# Operation: own a snake until i move out without my mum finding out (9)



## Stavros88 (Dec 6, 2008)

Houdini is an awkward little :censor:!!!!
Bought a mouse for him yesterday but when i went to feed him last night his eyes were cloudy, so i couldnt feed him. Honestly, some people are just so damn incosiderate!!!!!!!!!!! 
Also, the pet shop i go to is family-run (mum, dad & daughter) and its usually the daughter that deals with the snake-food, but it must have been her day off cos the mum had to go into the freezer for a fuzzy for me, much to her horror  Twas a shame but at the same time: f:censor:ing hillarious 
Also Also, when defrosted the fuzzy appeared to have a bit of poo on its bum, has anyone had that before? Should i not feed it to the snake if its got that? Surely it wouldnt matter as snakes eat mice whole (colons and everything) anyway. Any thoughts?


----------



## Mujician (Mar 7, 2007)

Loving the blog snakey blog! You have an amazing way with words! LOL. What are you studying at Uni, and wouldn't it be easier for you if you move into a rented house or something? What are you going to do when it is time to move out?
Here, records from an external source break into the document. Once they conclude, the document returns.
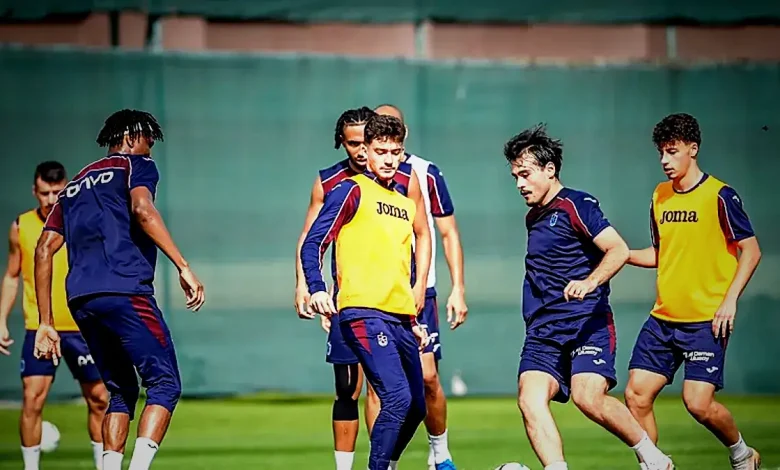 Trabzonspor, KuPS Kuopio maçının hazırlıklarına devam etti 1 trabzonspor kups kuopio macinin hazirliklarina devam etti GAcYEIBg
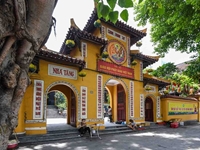 Chùa Quán Sứ gắn liền với nhiều hoạt động quan trọng của Giáo hội Phật giáo Việt Nam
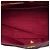 Borsa Tote Satchel aperta convertibile Prada Vitello Daino rossa Rosso - vista 4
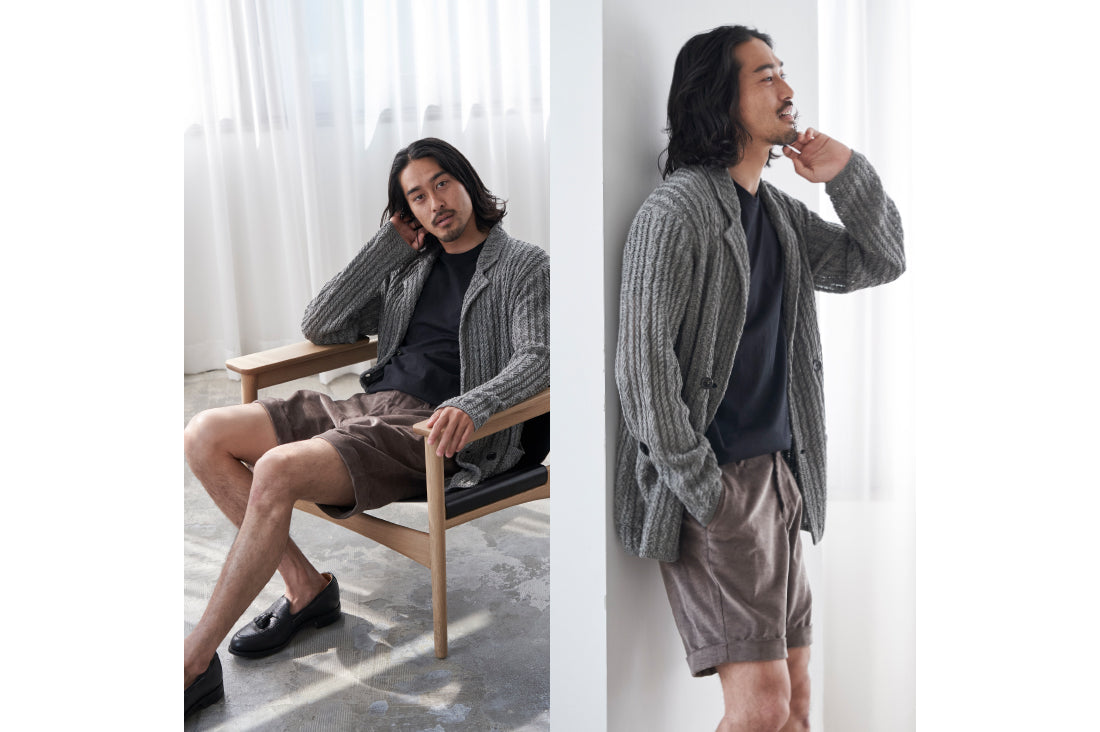 サマーコーデュロイストレッチ(CG)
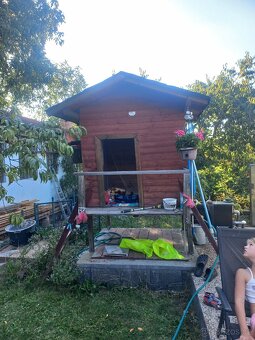 Dětský zahradní domeček - 2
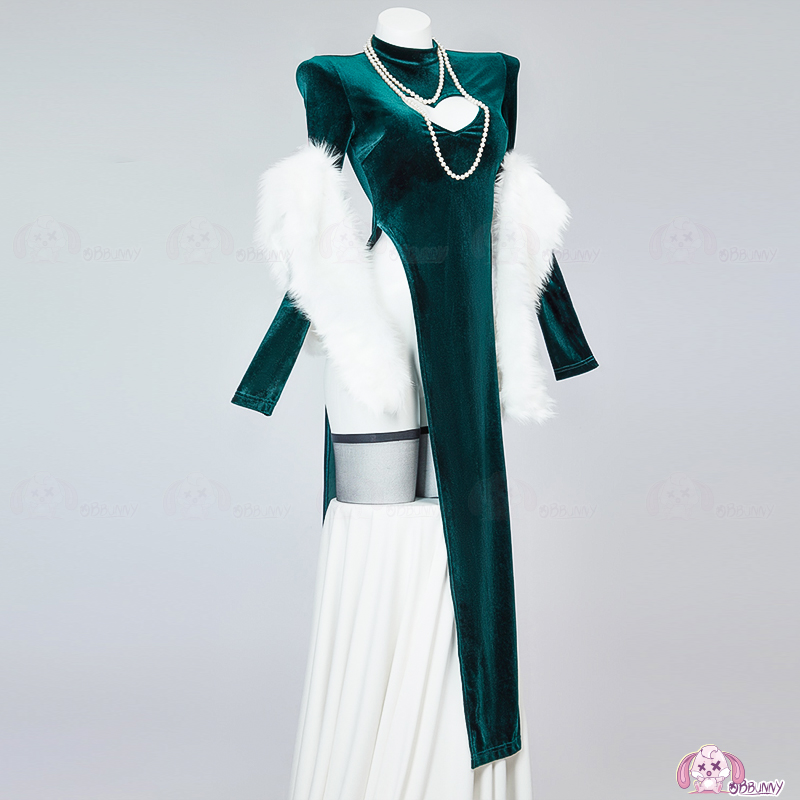 ONE PUNCH-MAN Fubuki Cheongsam - đánh giá và giá Anime Cosplay One Punch Man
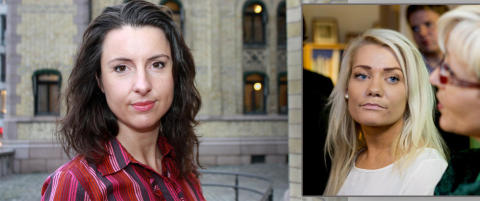 - Sandra er litt lik meg selv, hun skyter fra hofta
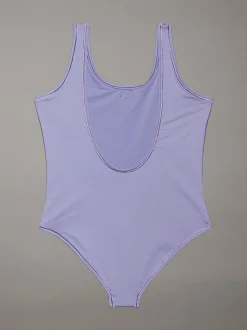 Calvin Klein Purple Swimsuit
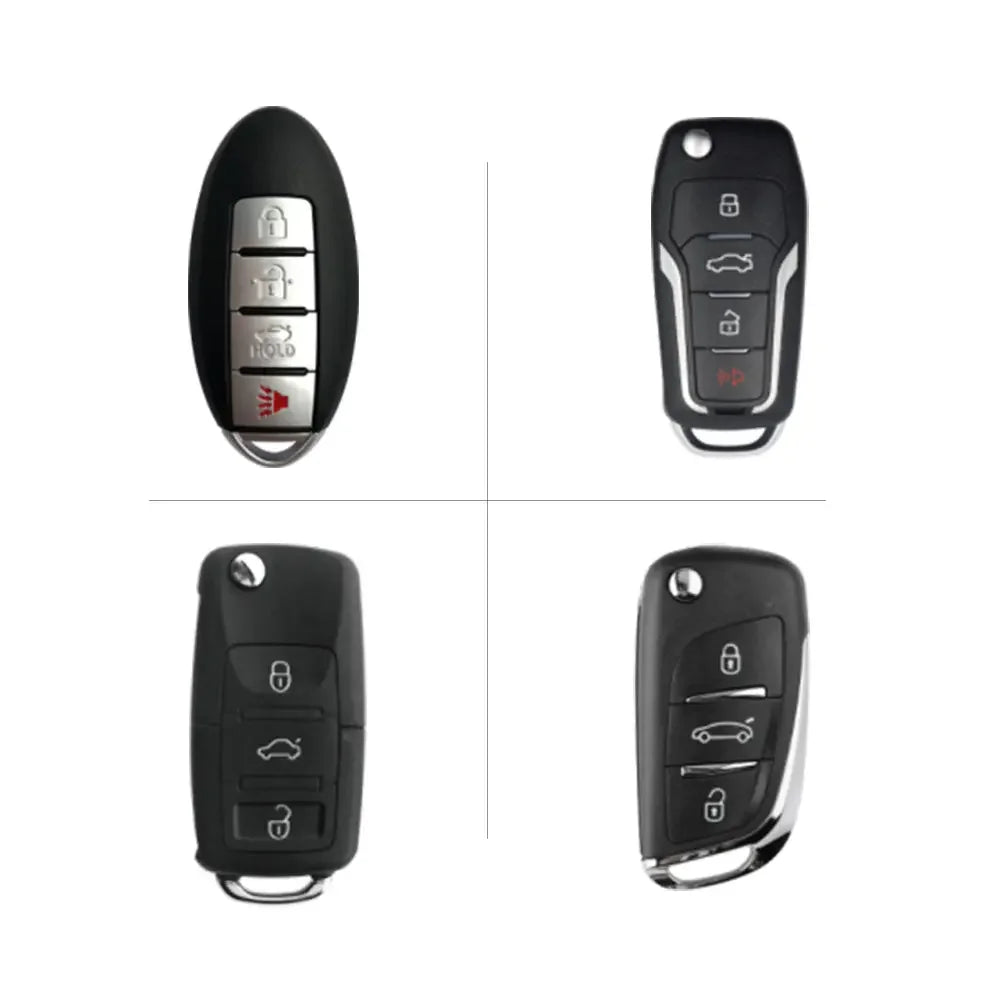 Launch X431 Key Programmer Remote Maker with 4 Sets of Smart Keys and Super Chip - FairTools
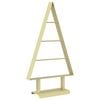 vidaXL Metal Christmas Tree with Triangle Stand KUOPIO 60 cm Steel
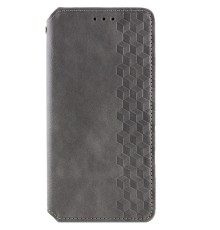 Чохол-книжка для смартфона Rubic Leather for Xiaomi Redmi Note 13 Pro 5G/POCO X6 5G Grey (RUBICXiNo13P5GGrey)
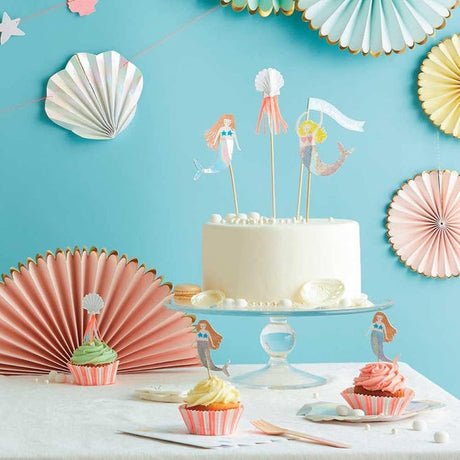 Meri Meri Mermaids Cupcake Set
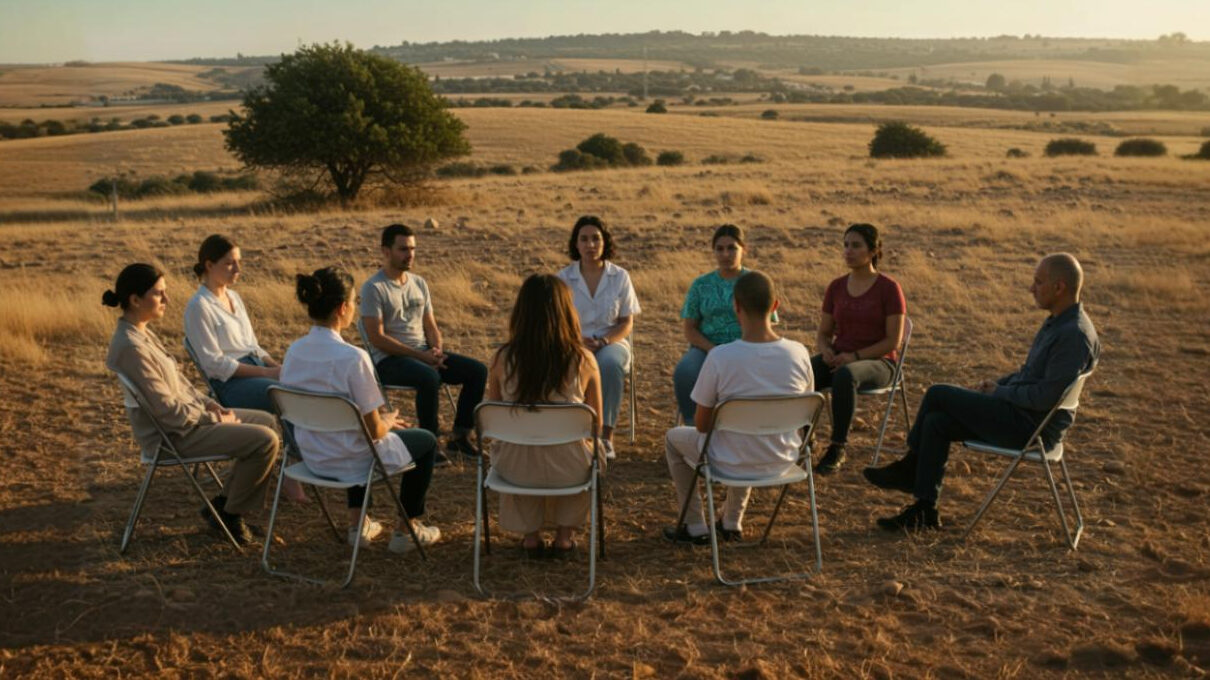 A Psychedelic Pivot: Israel Tests MDMA in Group Sessions To Tackle PTSD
Wave the snake in front of her face and shout "This has been in my room for three years"?!!!!!!


----------



## Stavros88 (Dec 6, 2008)

EXACTLY!!! Possibly with a Muahahahahahahahaha****youbitchhahahahahahahaha thrown in for good measure 
I'm studying law at uni, and I'd love to move out, but theres a couple of problems with doing that: I'm a bit on the cash-strapped side, and the postgraduate diploma in legal practice is a 9-5 thing so i wouldnt be able to work during it and would have to move back home during that anyway, but it IS something i'm thinking about.


----------